I wrote a little test to check for null pointer, I simplified it with int and 0, 1, instead of real classes, what I'm trying to test is something like this: return p ? 1 : 0;
which in real world would be return p ? p->callmethod() : 0;
bool TestTrueFalse();
void main()
{
int i = TestTrueFalse();
}
bool TestTrueFalse()
{
int one = 1;
int * p =&one;
*p = 0;
return p ? 1 : 开发者_如何学Go0;
}
now, you can see, that once the pointer becomes 0 again, the test fails, why? what's wrong with this? what's the solution?
*p = 0;
you probably meant
p = 0;
*p = 0 sets what the pointer points to, not the pointer
When testing a pointer value with a conditional in C++, it will return true if the value is non-zero and false if the value is 0. In your sample p
is slated to point at the local one
and hence has a non-zero address (even though the value at the address is 0). Hence you get true
A null pointer is a pointer which points to the address 0, not the value 0.

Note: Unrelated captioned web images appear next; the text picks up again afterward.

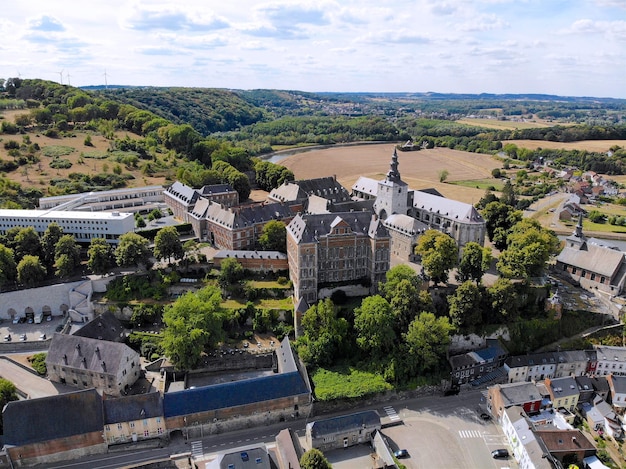 Vista aérea de la Abadía de Floreffe durante el día de verano Bélgica Vieja abadía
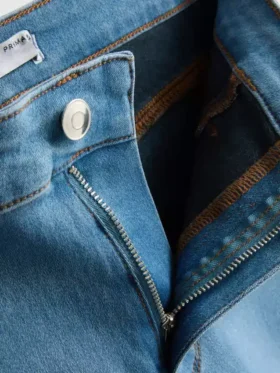Essential közepes derékmagasságú skinny farmer | normál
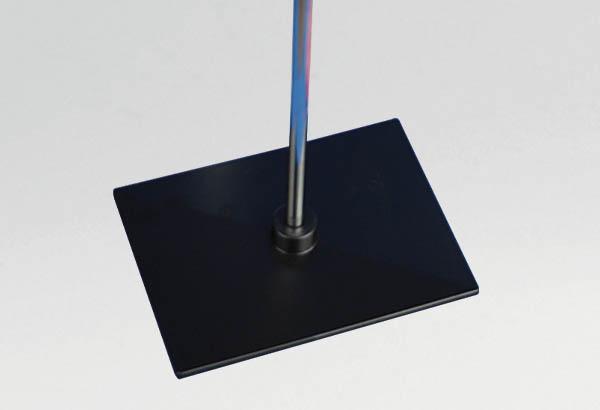 Socle rectangulaire noir de 200 x 150 mm en plastique pour tige de Ø 12 mm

To set a pointer to null, do:
p = 0;
To elaborate, your code sets the pointed-to-int to 0. For example:
int i = 1;
int *p = &i;
assert(*p == 1); //p points to 1
*p = 0;
assert(*p == 0 && i == 0); //p points to the same location, but that location now contains 0
The code *p = 0;
does not set the pointer to null. It sets what p is pointing to zero.
A pointer is an address in memory. int *p = &one;
takes the address of the variable one
, and stores it in p
. *p = 0;
stores 0 in the memory pointed to by p
, meaning that the value of one
is now 0. So, you have changed what p
points to, but not p
itself. TestTrueFalse()
will return 1.
to test it for a null pointer before inspecting the value pointed to you might use code like
if(ip != NULL)
taken from http://www.eskimo.com/~scs/cclass/notes/sx10d.html
NULL
might be safer in your code, as it is more compiler independent than just writing 0
. and it might also be more clear for others to read in your code.